3. 📱 Platform breakdown
One card per platform. Each card shows:
- Platform emoji + name (use: 📘 Facebook, 📸 Instagram, 💼 LinkedIn, 🐦 X/Twitter, 🎵 TikTok, ▶️ YouTube, 📌 Pinterest)
- Audience / followers
- Impressions
- Engagement rate (shown as a mini visual bar, CSS only — width = engagement rate %, max 100%)
- Posts published
- One-line notable (italic, lighter text)
4. 🏆 Top posts
Up to 5 posts in a ranked list. Each entry:
- Rank badge (1st, 2nd, 3rd...)
- Platform emoji
- Post text preview (truncated to ~120 chars, in quotes)
- Key metric pill (e.g. "847 engagements" or "12K impressions") — styled as a badge
5. ✅ What worked / ⚠️ What to watch
Two columns side by side:
- Left: "✅ What worked" — 2–3 bullet points in green
- Right: "⚠️ What to watch" — 1–2 bullet points in amber/yellow
Keep bullets short and specific. No generic advice.
6. 📝 Notes
Small, muted section at the bottom. Flag data gaps, unsupported platforms, report freshness.
7. Footer
"Generated with Planable + Claude · [date]"
HTML/CSS requirements
- Single self-contained
.html file — no external dependencies except Google Fonts (loaded via <link>)
- Use a distinctive font:
DM Sans or Plus Jakarta Sans for body, Sora or Bricolage Grotesque for headings
- CSS variables for all colors — define at
:root
- Responsive: works at 900px+ desktop width; cards wrap gracefully on smaller screens
- No JS required — pure HTML/CSS
- Print-friendly:
@media print block that hides nothing essential
- Use real data from the report — no placeholder copy
Color palette:
:root {
--green: #3BBA7B;
--green-light: #EAF7F0;
--amber: #F59E0B;
--red: #EF4444;
--text: #1A1A2E;
--text-muted: #6B7280;
--bg: #F8FAFC;
--card: #FFFFFF;
--border: #E5E7EB;
}
Plain-text chat summary
After presenting the file, also output a short in-chat summary using emojis for scannability:
📅 [Client] — [Month Year]
📊 Key numbers
👥 Audience: [X] [↑/↓ X% vs last month]
👀 Impressions: [X]
💬 Engagement: [X] ([X]% rate)
📅 Posts: [X]
📱 By platform
[emoji] [Platform]: [X] impressions · [X]% eng rate · [X] posts
...
🏆 Top post: "[preview]" — [X] engagements
✅ What worked: [one line]
⚠️ Watch: [one line]
Keep the in-chat summary to ~15 lines max.
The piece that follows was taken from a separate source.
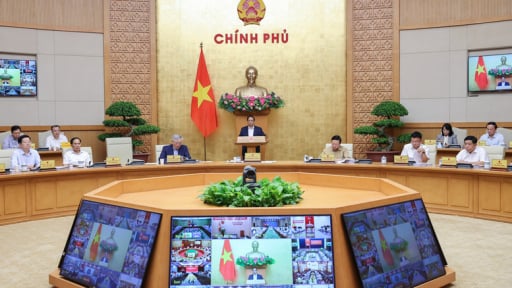 Nỗ lực cao nhất, phấn đấu hoàn thành thắng lợi các chỉ tiêu phát triển KT-XH năm 2025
The HTML file is the full deliverable.
Tone guidelines
- Write for a human reader, not a dashboard
- Use plain language — avoid jargon like "CTR optimization" or "algorithmic reach"
- Be specific with numbers; round where appropriate (e.g., "~12K" not "12,341")
- Don't pad with filler or repeat the same numbers in multiple sections
- If data is thin or the period was quiet, say so — don't oversell a slow month
- Emojis are used for navigation and scannability, not decoration — every emoji should label something
Edge cases
- Multi-workspace report: If the user wants a report across multiple clients, run Mode A per workspace and combine into a single summary with one section per client.
- Partial month: If the date range is mid-month, note this in the report header and caveat the numbers accordingly.
- No data / empty results: Say so clearly. Don't fabricate trends.
- CSV with multiple sheets: Ask the user which sheet to use, or process all sheets and note the sources.
- Competitor data in CSV: If the CSV contains competitor benchmarks, include a brief comparison section.